NEW YORK CITY, NY, U.S.A — Though he is not favored by the Republican party establishment, businessman Donald J. Trump is the party’s presumptive nominee for the general election campaign. The party leaders have held nothing back in showing their discontent.
Paul Ryan, the current Republican party leader as Speaker of the House of Representatives, has been excessively demonstrative in his feet-dragging, deep lines in the sand revealing that he bemoans not getting his way.
In a recent statement, Paul Ryan declared that he is “just not ready” to get on board the Trump train, despite the fact that the citizens have spoken and the majority do (or at least will on or before the date of their convention) want Donald Trump to lead their side in the battle for the nation’s highest office.
So what does happen when the will of the people comes to a head with the will of the party establishment? And isn’t this a paradox of sorts? Isn’t the will of the people the will of the party? At least theoretically, shouldn’t the two be one and the same?
Therein lies the trouble of modern “democratic” elections, the kind that are sweeping the world into submission one military invasion at a time.
Contrary to its objective, bureaucratic visage, government is not, at all, an outside body nor is it a faceless institution. Government is people.
Presidents, prime ministers, chiefs, treasurers, secretaries, heads of state—they are all people, are they not? People who are elected by other people—citizens—whom, by the way, they swear to loyally serve and protect. Democracy, at its essence, should assert the will of the people.
Of course I am speaking in ideal types. The way scientists understand the natural world to operate without the chaos and of human judgment, greed, and malice.
Today’s modern governments quite often deceive us with their appearance of electoral politics as usual, but behind this mirage lies a web of moneyed elites and their politicians, hand-picked like morning eggs from a farm hen, who speak glorious, golden words that aim to convince ordinary citizens they have their interests in mind—meanwhile surreptitiously furthering the goals of the global elite, which no doubt culminates in taxpayers’ hard-earned treasures directed to offshore vaults.
Although this version of modern day politics is pervasive, it is hard to believe that Donald Trump draws from this particular game plan. Unlike other presidential hopefuls, Trump is wealthier beyond need. He has no obligation to the elites; what could one possible offer to payoff a billionaire?
Quite the opposite, the longevity of Trump’s businesses and investments—his hotels and casinos—actually need Americans to be well-off. Without disposable income for Americans to spend, his enterprises cannot possibly thrive. Indeed, there is an inkling of a personal motive to his yearning to make American great again.
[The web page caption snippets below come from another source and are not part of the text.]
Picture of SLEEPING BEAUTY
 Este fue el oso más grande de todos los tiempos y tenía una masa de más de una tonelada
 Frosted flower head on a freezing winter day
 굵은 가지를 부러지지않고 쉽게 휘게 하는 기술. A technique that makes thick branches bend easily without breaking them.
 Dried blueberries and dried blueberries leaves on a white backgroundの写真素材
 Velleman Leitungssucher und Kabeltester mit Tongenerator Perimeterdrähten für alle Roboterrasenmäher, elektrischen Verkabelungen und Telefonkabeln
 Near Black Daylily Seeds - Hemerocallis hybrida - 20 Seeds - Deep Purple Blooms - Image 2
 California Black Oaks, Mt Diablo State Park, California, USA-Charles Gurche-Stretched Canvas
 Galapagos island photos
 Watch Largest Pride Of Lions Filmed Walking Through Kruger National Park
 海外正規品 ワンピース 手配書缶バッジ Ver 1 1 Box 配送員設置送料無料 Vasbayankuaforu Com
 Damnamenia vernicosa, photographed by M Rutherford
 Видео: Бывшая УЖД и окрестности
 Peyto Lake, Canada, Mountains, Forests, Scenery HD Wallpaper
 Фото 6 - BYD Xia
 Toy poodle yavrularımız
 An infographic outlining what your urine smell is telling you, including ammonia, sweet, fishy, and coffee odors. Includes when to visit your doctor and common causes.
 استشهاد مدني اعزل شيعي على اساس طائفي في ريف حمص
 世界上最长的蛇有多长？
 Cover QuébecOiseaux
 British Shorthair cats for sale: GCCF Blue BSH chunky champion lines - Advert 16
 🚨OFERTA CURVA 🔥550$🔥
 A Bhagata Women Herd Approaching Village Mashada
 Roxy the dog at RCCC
Perhaps Trump’s enterprises would be better off it the people living within the boundaries of his country were prosperous. If that were true, it would be a win for democracy—though not a victory for the elites.
So here goes the process of taming Trump—but not in the way that would seem obvious to the causal observer. Not taming his speech or his tone. Not taming his language or his style of bombastic rhetoric. But taming his (genuine) populism.
The Republican establishment want Trump to be for the people on the surface but for the elite below it. The way Obama preached hope and change but brought more of the same—poverty, inequality, violence, and regime changes.
Without some sort of pledge from Trump written or otherwise that he will adhere to the will of the establishment, the global moneyed elites, he will likely get no verbal or financial support from the Republican establishment. The government-people, sworn to citizen represent-people but acting well beyond their interests, will drag their feet in the mud and refuse to support his campaign.
Those millions (and maybe even billions) of dollars needed to run attack ads and support political campaigns in the horrifically and unconstitutionally expensive voting showdowns will stay locked up behind a firewall that will not come down without a putrid handshake.
What can we do about rigged elections that happen near and far, ubiquitous as drones hovering over every meter of airspace? How do we stop these rigged elections which threaten our livelihoods, our freedoms and liberties, our sanities, and our children?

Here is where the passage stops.